I have stumbled upon this point before in my philosophy studies. Monroe Beardsley in his 1970 Authority of the Text advances 'Textualism' as a means to art interpretation. In Textualism, the meaning of an artwork is embedded in the literal meaning of the artwork itself---"the meanings of the words in their order", as Beardsley puts it---irrespective of the artist's intentions. In a paper critical of Textualism, I argued that the practical value of Textualism is lost in the realm of music, because even if we attempt liberally to apply Textualism to music, it fails to render insight. What is the 'meaning' of 'B-flat'? What is the 'meaning' of an A-minor chord followed by a G-major chord? Schopenhauer, I think, would agree with my criticism, perhaps pointing out that the notes in a musical piece are not the equivalent of words in a poem, because words refer explicitly to things and notes (or chords, phrases, even entire musical pieces) do not. Schopenhauer says that poems (and all non-musical arts) express the Ideas indirectly, with reference to the phenomenal world, but music bypasses the phenomenal world altogether, expressing something closer to what Schopenhauer (and Kant even before), would call, "the Thing In Itself".
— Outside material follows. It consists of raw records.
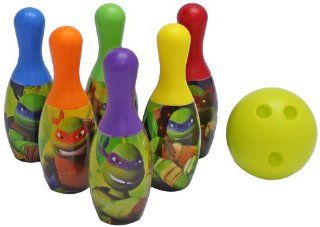 What Kids Want Teenage Mutant Ninja Turtles Licensed Bowling Set Toys & Games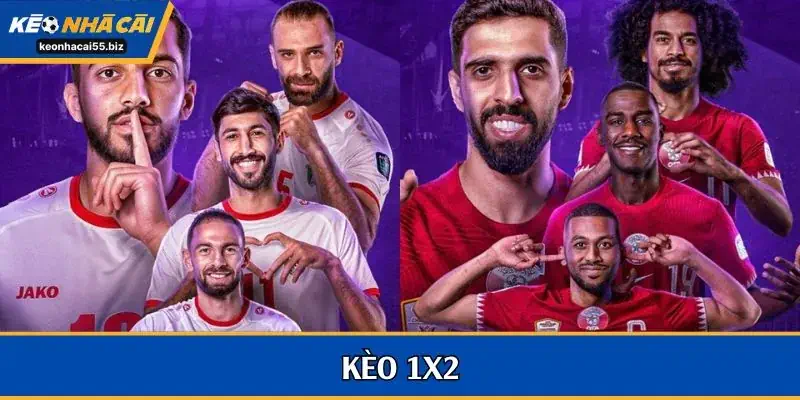 Cược 1X2 Châu Âu tại sân chơi số 1 Châu Á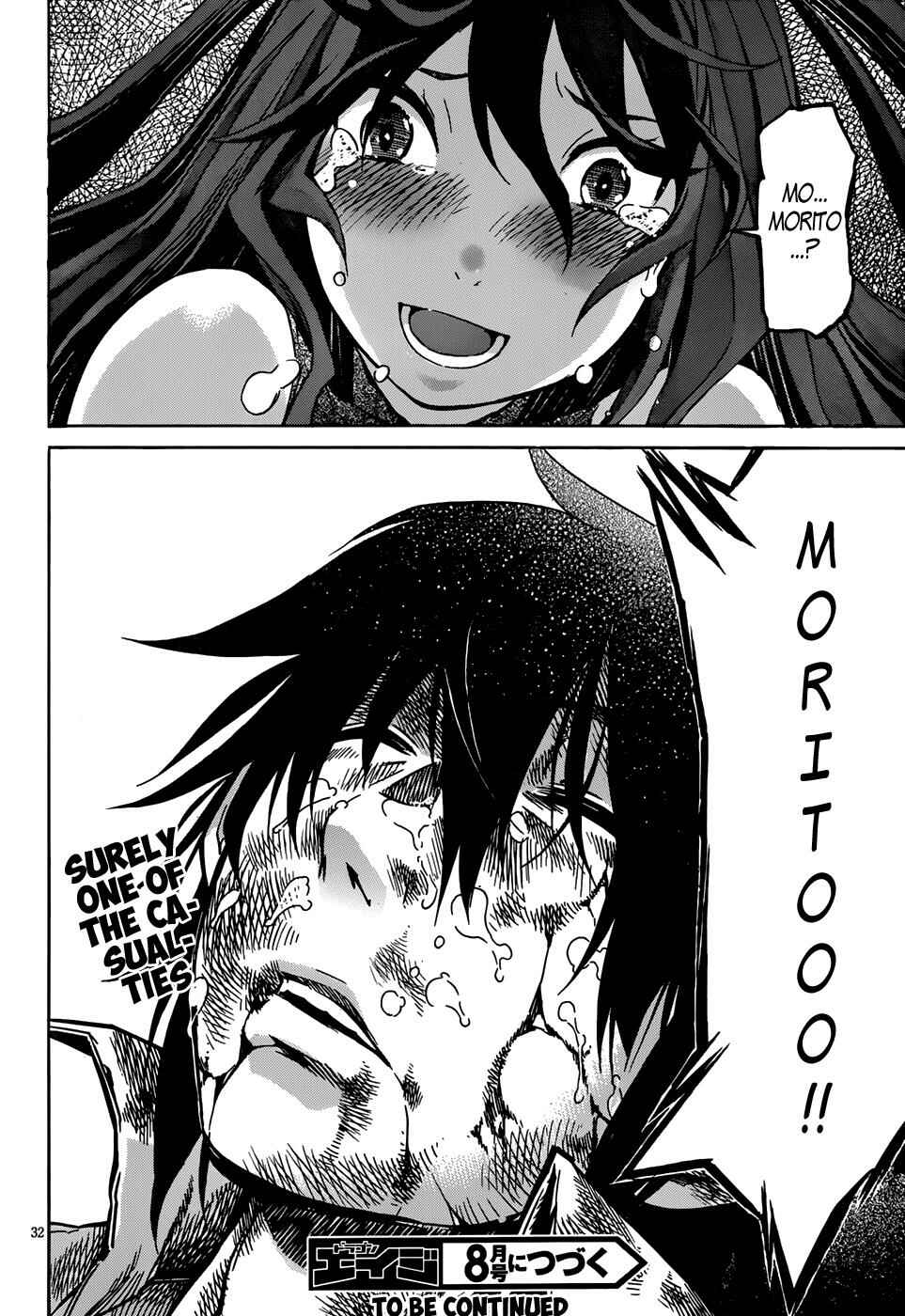 Page 31 Chapter 14 Gun X Clover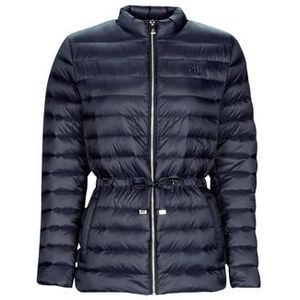 Lauren Ralph Lauren  DRAW WST SD-INSULATED-COAT  jassen  dames Marine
There is a problem with this thinking, though. Schopenhauer is too quick to dismiss the non-musical arts as potential arenas for straightforward manifestation of the Will's essence. That is, there are other arts besides music which could be argued to express the Ideas without reference to things. Take, for example, the abstract painting Improvisation 28 by Wassily Kandinsky, a painter and musician. There are no 'things' in this painting, though there are a few ambiguous forms that might invoke things in one's mind, just as music might. Even poetry provides further examples of art without reference to things. Consider, from the famous Lewis Carroll poem, Jabberwocky:

`Twas brillig, and the slithy toves
Did gyre and gimble in the wabe;
All mimsy were the borogoves,
And the mome raths outgrabe
Jabberwocky is full of nonsensical words and yet, it communicates a certain feeling nonetheless. Just as lyricless music and abstract painting bypass the phenomenal world's `things' to communicate the Ideas, so too can poetry.

So, it is not necessarily the aim of all non-musical arts to depict specific things. But perhaps Schopenhauer's statement about music can be recast in a way that shows that music is in fact different than the other arts. Instrumental (lyricless) music is, after all, the one art form that must, necessarily manifest without making explicit reference to the phenomenal world. Hard as a musical composer might try, he cannot write a piece of instrumental music that expresses, say, a soldier's triumph at winning a specific battle in the War of 1812. The music itself cannot specify the phenomenal world's occasion for this feeling of triumph. Music can express triumph, sure! But triumph is an Idea. Triumph in one battle is musically expressed the same way that triumph in any other battle would be. In music, the phenomenal world---the specific 'thing'---doesn't matter. The Ideas matter. And while other forms of art can, as I have shown, express the Ideas without depicting 'things', instrumental music is the one art form has no choice but to do so.


*The title was once more popularly translated instead as The World as Will and Idea.

Edition used is translated from the German by E.F.J. Payne and published by Dover Publications, Inc., New York.